Framework Fantasies: modern technology which doesn't work
This month the Crown Prosecution Service had to admit they were not ready to go ahead with Applied Language Solutions (ALS)/Capita contract nationwide, as “more time was needed to complete the tests while Applied is focusing on improving the service it provides in the areas where it is already operating.”
In my opinion, ALS was always pitching "new technology solutions" claiming that the use of technology can solve a lot of present problems and needs, and help streamline and make processes more efficient… A typical modern sales pitch.
What they and those procurement bosses they pitch to fail to understand is that those technology solutions are just too complicated for frontline Criminal Justice Sector users (court listings officers and custody sergeants).
Bookings via a secure online portal, confirmations by e-mail, Geo-location... All trendy, attractive-sounding words. In practice, however, the system is just too complex for rank and file listings officers, who struggled to operate even the NRPSI search database (what could be simpler from the point of view of an average computer literate user).
Part of the problem is that those fancy "new technology solutions" with bells and whistles are just too complicated for rank and file front line CJS staff who on average cannot deal with anything other than picking up the phone and saying "I need interpreter in X language for a morning hearing next Thursday morning".

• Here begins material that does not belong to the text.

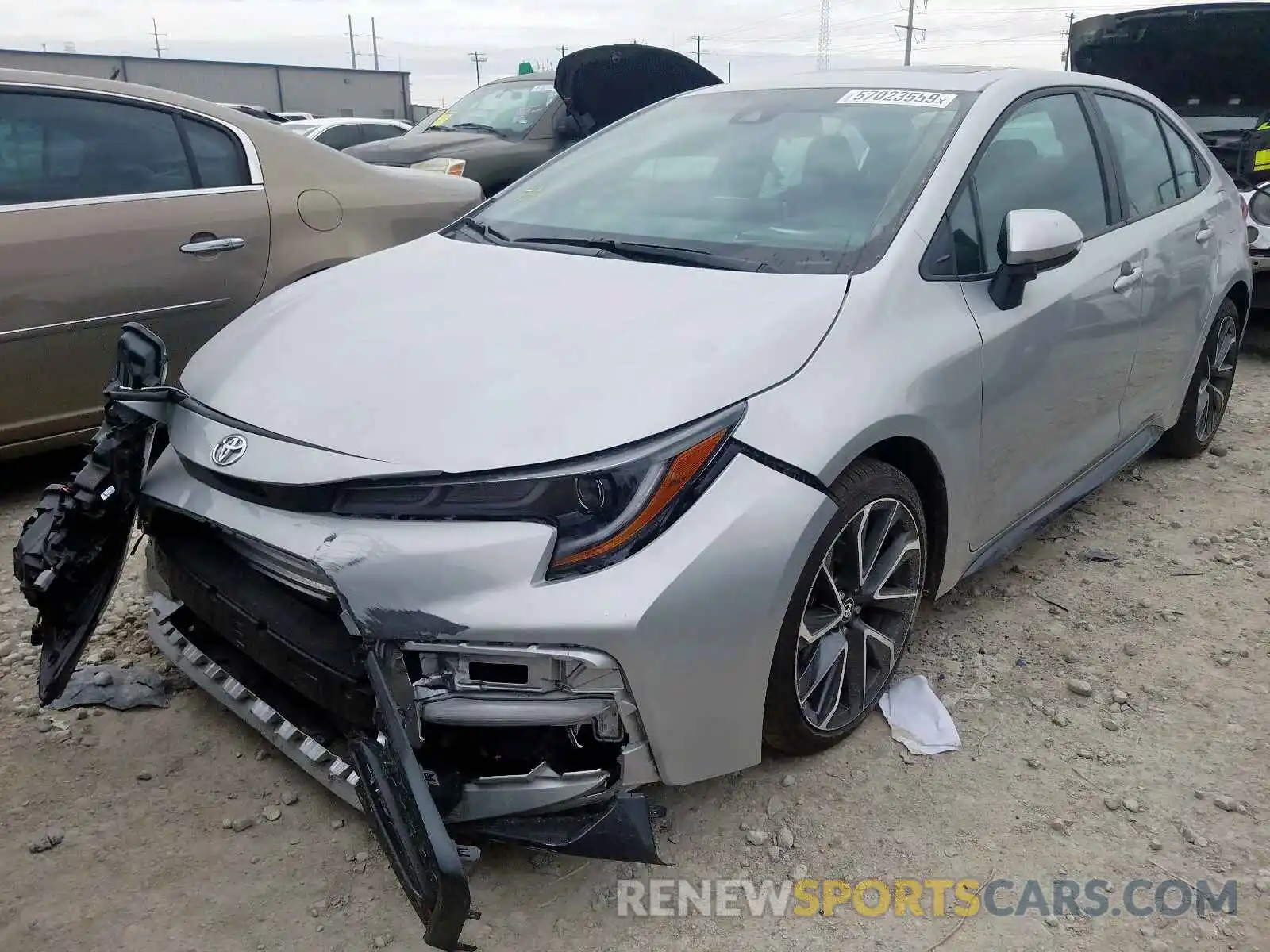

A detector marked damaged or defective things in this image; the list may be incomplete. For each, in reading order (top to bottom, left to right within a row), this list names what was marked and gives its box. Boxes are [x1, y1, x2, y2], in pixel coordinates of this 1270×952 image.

The ALS system appears to be not just too flashy, it is full of errors and inefficiencies. Otherwise how can you explain wrong language bookings, several same language interpreters turning up in one court and none in the other. I guess, you cannot expect anything else from a set-up when you deal with various call centres overseas and a bunch of project coordinators knowing nothing about how the court system works or specifics of public service interpreting.

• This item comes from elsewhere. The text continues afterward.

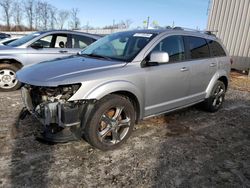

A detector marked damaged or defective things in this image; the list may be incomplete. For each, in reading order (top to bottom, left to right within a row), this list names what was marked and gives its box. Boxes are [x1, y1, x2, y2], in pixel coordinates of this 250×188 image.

front end damage [21, 84, 90, 142]
damaged suv [17, 28, 230, 151]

Efficiency seems to have failed on the technical level too. Or how can you explain the fact that the MoJ is unable to source basic management information MPs have been asking about in Parliament? Page 98 of the Framework Agreement says:
"The Contractor will provide management reports through the web based portal. The reports will be capable of importing into Excel and will include but not be limited to the following:
- Breakdown of available interpreter numbers by region, language, tier and vetting status.
- Number of new interpreters added per tier per region.

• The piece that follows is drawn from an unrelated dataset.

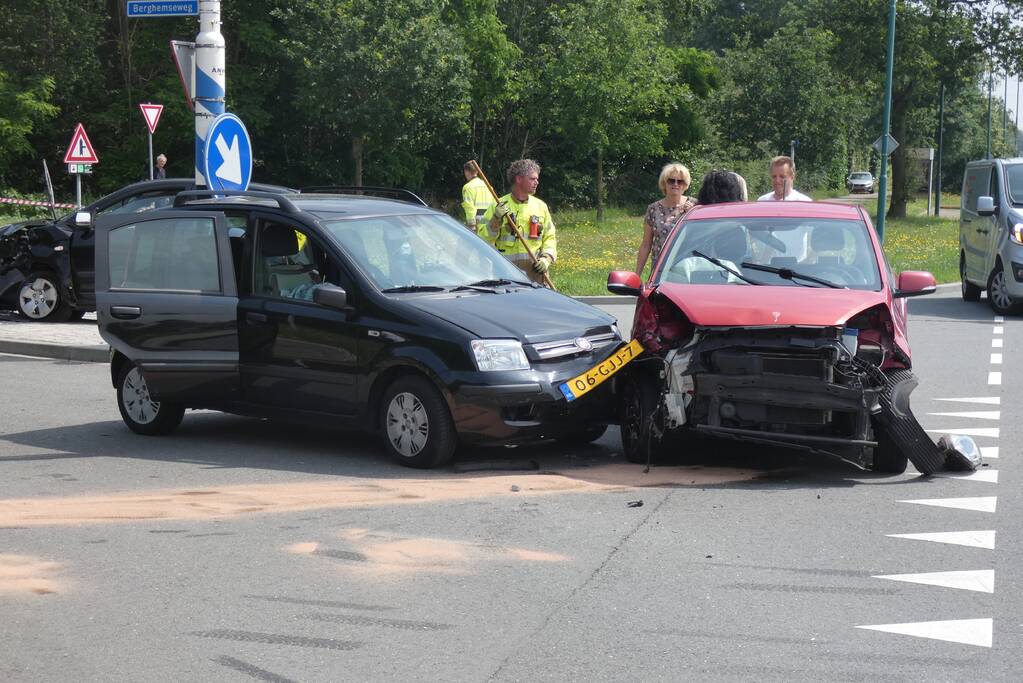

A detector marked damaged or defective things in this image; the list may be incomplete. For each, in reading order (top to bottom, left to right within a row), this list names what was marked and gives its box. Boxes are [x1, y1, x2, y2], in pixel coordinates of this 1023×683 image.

black damaged car [88, 190, 620, 468]
crumpled car hood [656, 282, 888, 328]
red damaged car [608, 198, 968, 476]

- British Sign Language/Deaf Blind: Monthly breakdown of number of assignments, assignment costs, and travel costs. (Per Collaborative Partner)
- Face to Face: Monthly breakdown of number of assignments per region, per tier, per language, per Collaborative partner plus total price.
- Details of complaints received, upheld, timescale for resolution and outcome. (Per Collaborative Partner)".
If this portal really works, CJS employeers appear to prefer to send requests to ALS techie wizz kids to get this management information out of the portal in a ready form. All this takes time and requires going through the process, and then excuses can be made that it is all too complicated, time-consuming and costly.
If truth be told, any contractor should get it right from the start if it is going to bother introducing a new contract. If this were a private business, not a ministry funded by the tax-payer’s money, the contract would have been shelved ages ago and the chief executive sacked.